Tapering: a separate conversation

A common question is whether ketamine can be a bridge to coming off Wellbutrin. The answer for some patients is yes and for others no. A meaningful subset of our ketamine patients eventually taper off their existing antidepressant (bupropion included) after stable improvement on ketamine; others do better staying on the combination indefinitely.

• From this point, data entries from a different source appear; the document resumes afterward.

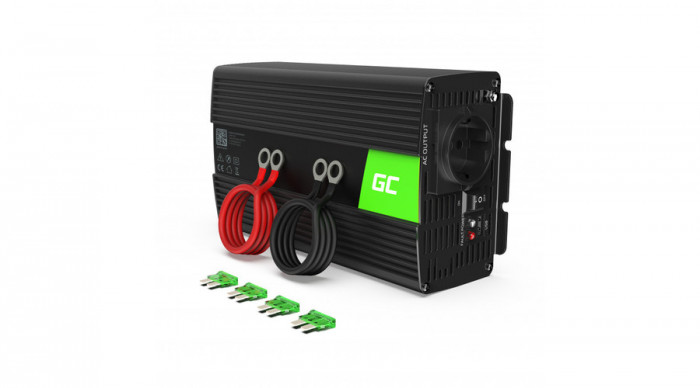 Green Cell Invertor pentru mașină de la 24V la 230V (amplificator de tensiune) 1000W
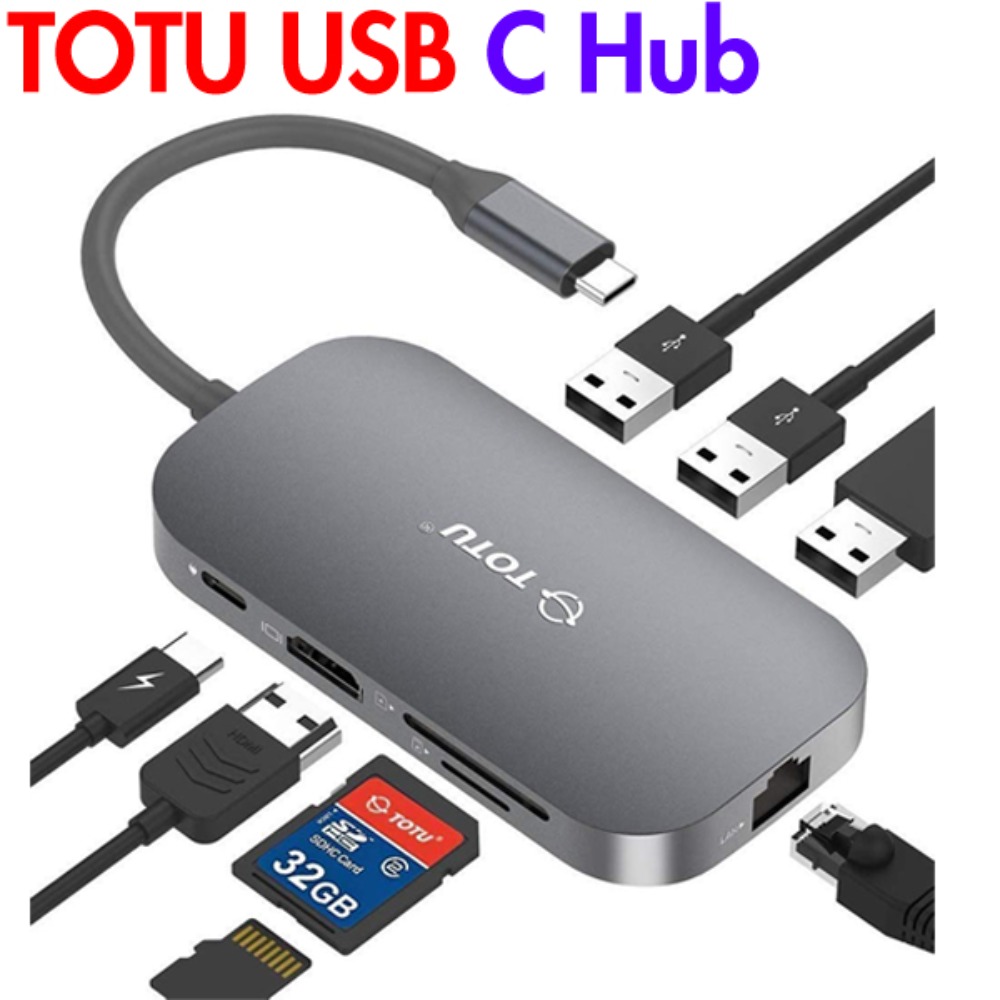 TOTU USB C Hub 8In1 Type C Hub with Ethernet Port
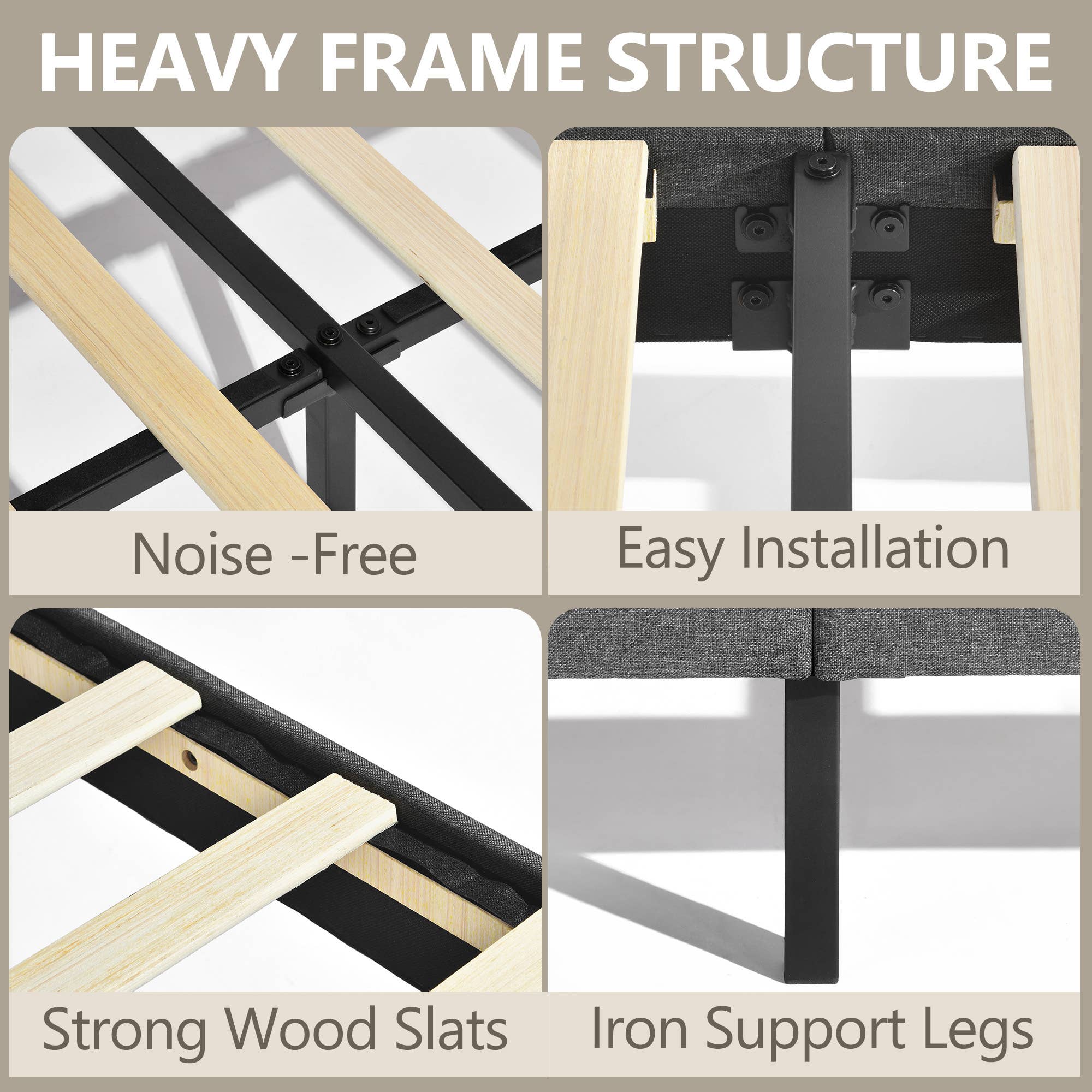 39F Inc. - Wholesale Bed - Queen Size Bed Frame with USB port & LED Headboard–Grey16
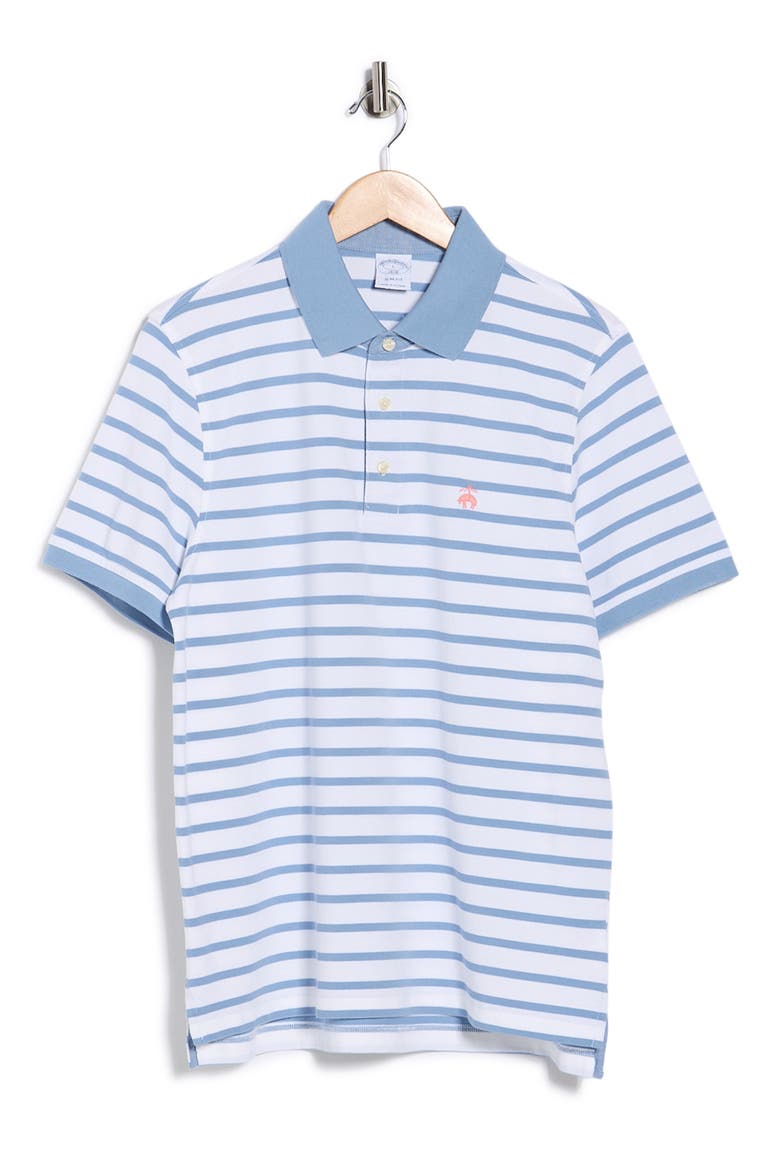 Slim Fit Stripe Cotton Piqué Polo, Alternate, color, ASHLEIGH BLUE/ WHITE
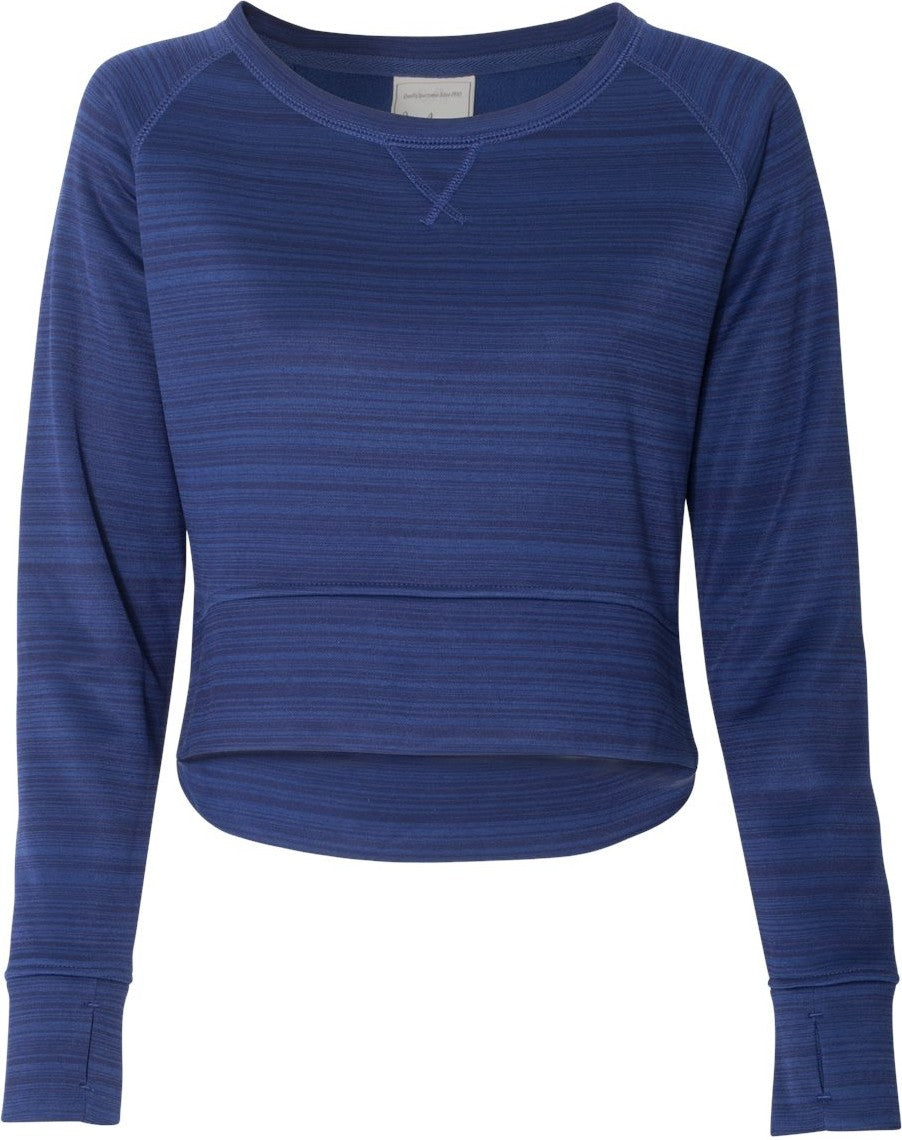 Front View of Sapphire Women's Odyssey Striped Performance Fleece Hi-Low Crewneck Sweatshirt - 8663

The key point: do not stop Wellbutrin to start ketamine. The standard recommendation when starting ketamine is to not change your existing medications at the same time. If tapering is on the table, we discuss it as a planned step after stable improvement on the combination, not as a precondition.

Bottom line

Wellbutrin (bupropion) at standard therapeutic doses is compatible with at-home ketamine therapy. The published evidence on the combination is reassuring across both the seizure-threshold question (a 2024 systematic review found ketamine's profile is anticonvulsant, not pro-convulsant) and the antidepressant-effectiveness question (no differential outcomes by concurrent antidepressant in the most recent large-N analysis). The FDA's own approval of a bupropion plus NMDA-antagonist combination for depression in 2022 is direct precedent for the safety of this class of combination. Patients on Wellbutrin XL at standard doses should expect routine intake; patients on IR formulations or above 450 mg/day get a brief additional conversation, not a different verdict.